Mercoledì, 28 Luglio 2021
Cronaca

Delitto Vassallo: c'è un legame con la sparatoria di Cecchina?

A rivelare un possibile filo rosso un articolo di ieri de Il Messaggero. Il padre della vigilessa, alto graduato dei carabinieri in pensione, si sarebbe visto negare un permesso dal sindaco pescatore

Una pista romana per le indagini sul delitto di Angelo Vassallo, sindaco di Pollica ucciso nel settembre del 2010. A svelarla un pezzo firmato ieri da Martina Di Berardino e Massimo Martinelli per Il Messaggero. Il collegamento nasce dopo gli arresti per il duplice omicidio di Cecchina dello scorso mese, per il quale sono state arrestate in settimana tre persone. Tra loro una donna, una vigilessa di Albano, “la sceriffa” Ausonia Pisani, detta Sonia. Proprio la sua figura, secondo quanto scrive Il Messaggero potrebbe costituire un ponte con il delitto Vassallo.

Scrive il quotidiano di via del Tritone: “Il collegamento investigativo all’esame della procura di Roma è in fase embrionale e porta il cognome famoso di Domenico Pisani, un ex uomo di vertice del Carabinieri, la stessa istituzione che ha scoperto la pista. Perché la vigilessa di Cecchina che, secondo i pm, faceva parte del commando di fuoco nella sparatoria alle porte di Roma è Sonia Pisani, sua figlia, convivente di Sante Fragalà, esponente di un clan radicato nel basso Lazio e legato alle cosche catanesi”.

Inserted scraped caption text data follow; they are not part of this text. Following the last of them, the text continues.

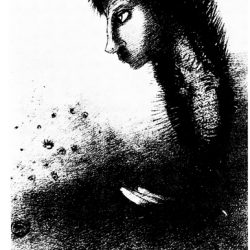 Odilon Redon (1840-1916) - Un coup de dés ... (illustration du poème de Mallarmé réalisée entre 1897 et 1898) ; album Ambroise Vollard (projet d'édition qui ne vit pas le jour).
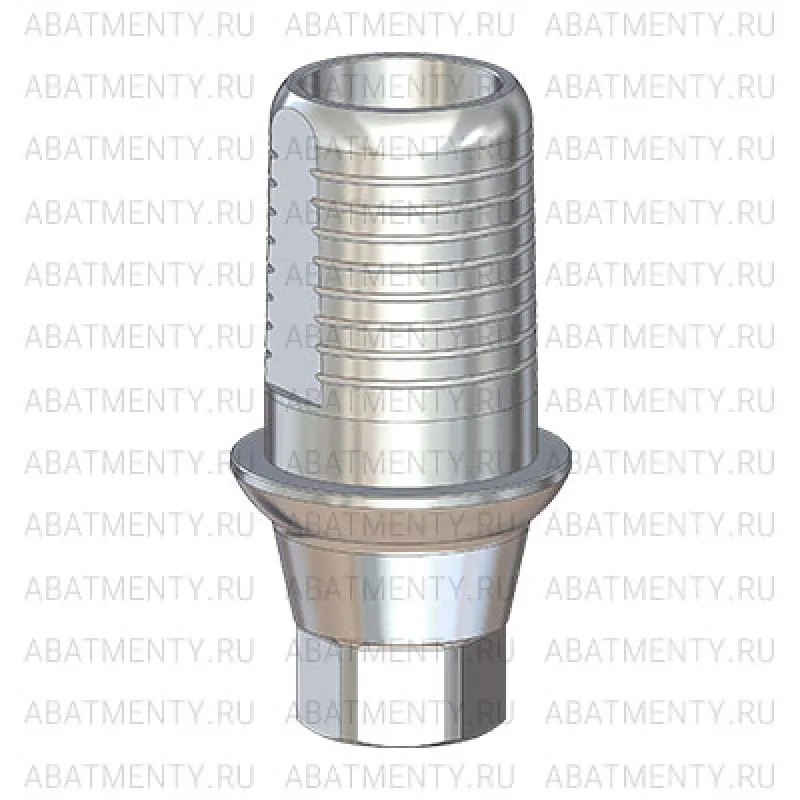 Титановое основание Флэт (Flat) G/H=1 H=4.5, совместимое с Lenmiriot A/CC, NobelActive / Conical NP, один. констр.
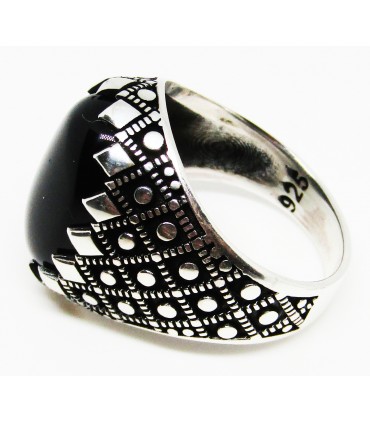 Anillo blik en plata de ley 925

Secondo quanto emerge dalle carte salernitane Domenico Pisani sarebbe stato uno dei nemici giurati di Vassallo per una storia di permessi edilizi negati a lui e ai suoi soci, due imprenditori campani che a Pollica gestiscono alcuni attività commerciali. Ancora Il Messaggero: “Alla base dei due delitti potrebbero esserci motivazioni comuni legate al traffico di stupefacenti. A Cecchina, perché l’esecuzione dei due pregiudicati sarebbe avvenuta per un dissidio tra gruppi rivali legato alla consegna di una partita di droga e ad Acciaroli perché due sere prima di essere ucciso Angelo Vassallo affrontò un pusher in un locale gestito dagli stessi fratelli con i quali il generale Pisani intendeva mettersi in affari”.

Dalle carte in mano alla Dda di Salerno c'è anche la rivelazione fatta dallo stesso Vassallo e affidata ad un parente stretto. Questi avrebbe rivelato che il sindaco pescatore aveva ricevuto pressioni enormi per il rilascio di una concessione edilizia per costruire uno stabilimento balneare sul lungomare incontaminato di Acciaroli. A chiederla, secondo quanto sarebbe stato messo nero su bianco in una rivelazione alla dda, erano due fratelli imprenditori insieme al generale in pensione Domenico Pisani, anche lui originario della zona. Era la caratura istituzionale di Pisani a spaventare Vassallo: il generale era stato uno dei fondatori del Ros e poi capo di stato maggiore dell’Arma dei Carabinieri.

Per verificare se sussista un possibile legame tra le due vicende gli inquirenti romani ed i colleghi salernitani si vedranno quindi prossimamente per fare il punto della situazione.